Frank Allocco (De La Salle HS)
  • too many coaches don't focus enough on bball IQ. They get great athletes and let them go. Help them understand.
  • it's important when running drills to involve a lot of different skills, not just the ones you're working on. 
  • Says he tries to get his team to have that same constant communication on the floor
  • Allocco's pet peeve is players who stop when a shot is taken. Teach your players action continues until the ball is secured
  • Allocco: teach your players when rebounding to always "chin" the basketball, elbows out. It's the strongest position.
  • going through drills on using screens. "if you're not good enough to get open, get somebody else open." 
Jay Wright
  •  zone defenders are taught to play with their hands up, so we always bounce pass into the zone. 
Bob Knight
  • just getting kids to concentrate is one of the toughest things to do in coaching these days  
  • anything you do on O or D requires great concentration. So do anything you can to help them do that
  • "do something in your drill that makes kids think during every practice." says he's done it since days at West Point
  • start every practice with something that makes your team have to concentrate intensely.  
  • "we as coaches overlook the value of a free throw and players overlook the value of a free throw." 
  • the baseline is the best defender in the game. With exception of the post, I tried to keep my O 8 ft above baseline
  •  when coaching I learned there were 3 major things: offense, defense and conversion. Conv. Is the most important.
  • "Every time the ball hits the floor, somebody has to move to help.
  • it's important for your practices to make kids think and react. Change things up and keep them on their toes.  
  • "we try to make our practices tougher not b/c they're longer or harder but because they make you think more." 
  • Q about length of Knight's practices: Christmas break 2hr 15min, but never more than 90 min otherwise.  
  • the biggest weapon vs. zone D is the dribble. Penetrate gaps and draw 2 defenders to exploit weaknesses
Mike Anderson
  • The goal is to disrupt with traps, switches and doubles. No easy buckets
  • playing intense D means you must have conditioned players. He spends time at each practice on drills to help that
  • conditioning drills include full court sprints a defensive slides. Then zig zag dribbling with defender.  

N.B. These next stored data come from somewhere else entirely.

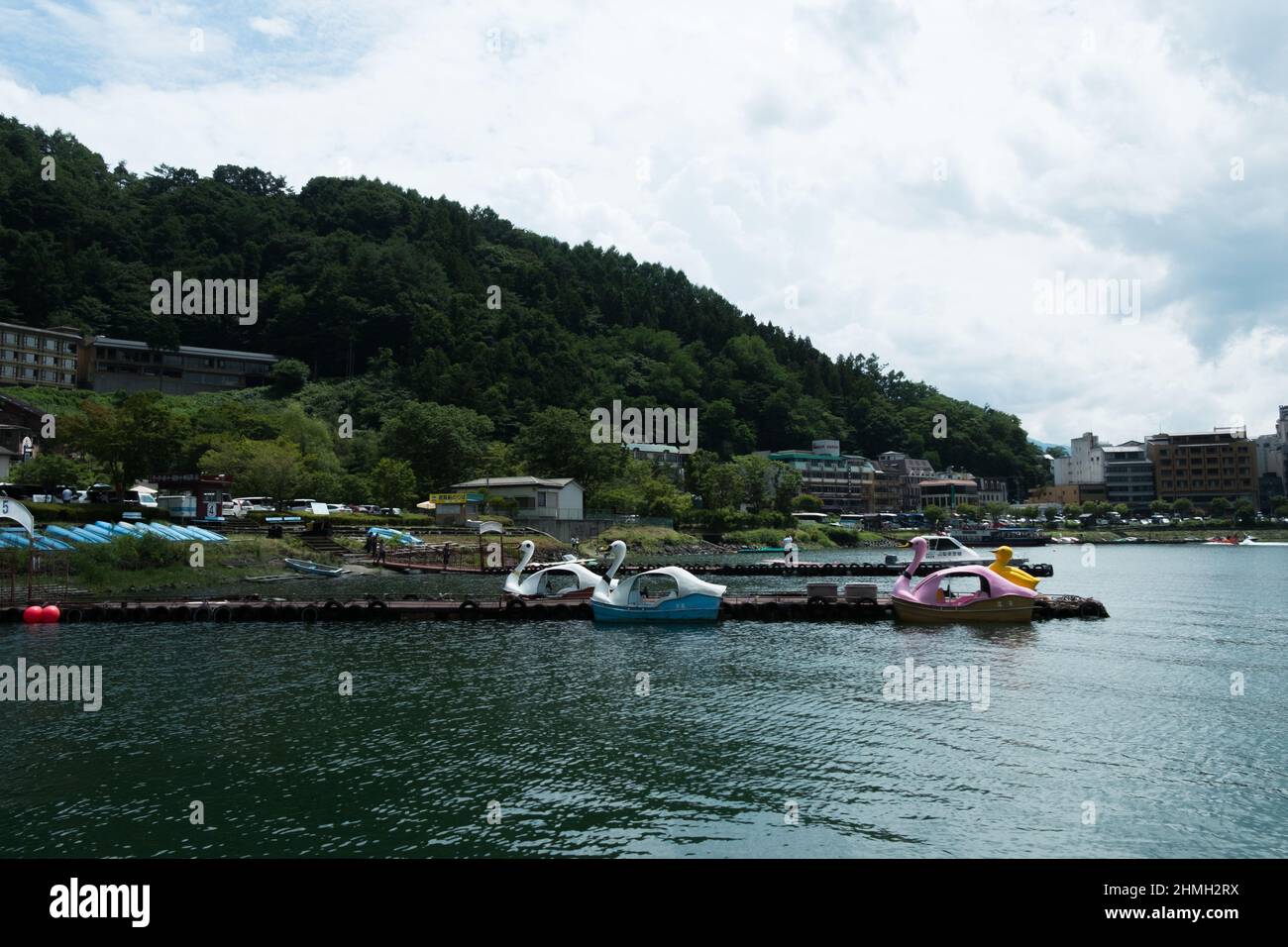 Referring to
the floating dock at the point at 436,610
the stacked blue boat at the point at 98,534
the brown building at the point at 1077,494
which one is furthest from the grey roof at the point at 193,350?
the brown building at the point at 1077,494

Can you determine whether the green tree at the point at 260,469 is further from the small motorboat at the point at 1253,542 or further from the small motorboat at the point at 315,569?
the small motorboat at the point at 1253,542

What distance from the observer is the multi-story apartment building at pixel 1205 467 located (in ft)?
582

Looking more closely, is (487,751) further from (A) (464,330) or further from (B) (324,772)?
(A) (464,330)

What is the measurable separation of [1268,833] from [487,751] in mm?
14411

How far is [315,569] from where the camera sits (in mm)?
59688

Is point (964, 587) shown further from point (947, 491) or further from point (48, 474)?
point (947, 491)

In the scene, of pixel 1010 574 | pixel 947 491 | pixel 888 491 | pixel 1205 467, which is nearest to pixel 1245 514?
pixel 1205 467

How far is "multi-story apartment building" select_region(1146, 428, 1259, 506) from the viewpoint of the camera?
582 ft

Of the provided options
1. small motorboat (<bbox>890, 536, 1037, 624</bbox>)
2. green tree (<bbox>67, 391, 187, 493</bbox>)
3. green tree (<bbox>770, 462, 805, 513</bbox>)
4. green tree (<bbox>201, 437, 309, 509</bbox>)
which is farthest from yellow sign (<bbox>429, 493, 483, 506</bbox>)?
small motorboat (<bbox>890, 536, 1037, 624</bbox>)

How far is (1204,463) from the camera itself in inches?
7116

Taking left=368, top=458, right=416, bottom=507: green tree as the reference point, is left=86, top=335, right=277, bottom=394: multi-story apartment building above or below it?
above

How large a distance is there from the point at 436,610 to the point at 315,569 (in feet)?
79.9

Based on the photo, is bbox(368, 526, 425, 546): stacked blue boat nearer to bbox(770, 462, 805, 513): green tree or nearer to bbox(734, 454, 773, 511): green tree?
bbox(734, 454, 773, 511): green tree

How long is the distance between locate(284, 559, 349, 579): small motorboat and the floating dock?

  • with these drills "we're creating a monster on D. We wanna be tough and be tough on other people." 
  • when D overmatched, put a player in the lane to buy time and prevent layups. Allow trailing defender to recover
  •  "defense is about trust. You have to be one heartbeat."
  • it's not Run and Gun its Run and Execute!
Kevin O'Neill
  • post player very important to beat zone D. They should be moving, flashing, and not posting, standing.  
  • attacking match-up zone is one of the most difficult tasks as coach. Don't be afraid to run man offense against it.
  • up 6 and less than 2 min left always have 5 back on D. "if you lose, it's because you (messed) up."  
  • sell your team on your D and stick with it. Your job is to get them to believe, and once u do u got something good.
  • O'Neill on playing tough, physical: the first ballscreen the opponent sets, run right through it. Set the tone.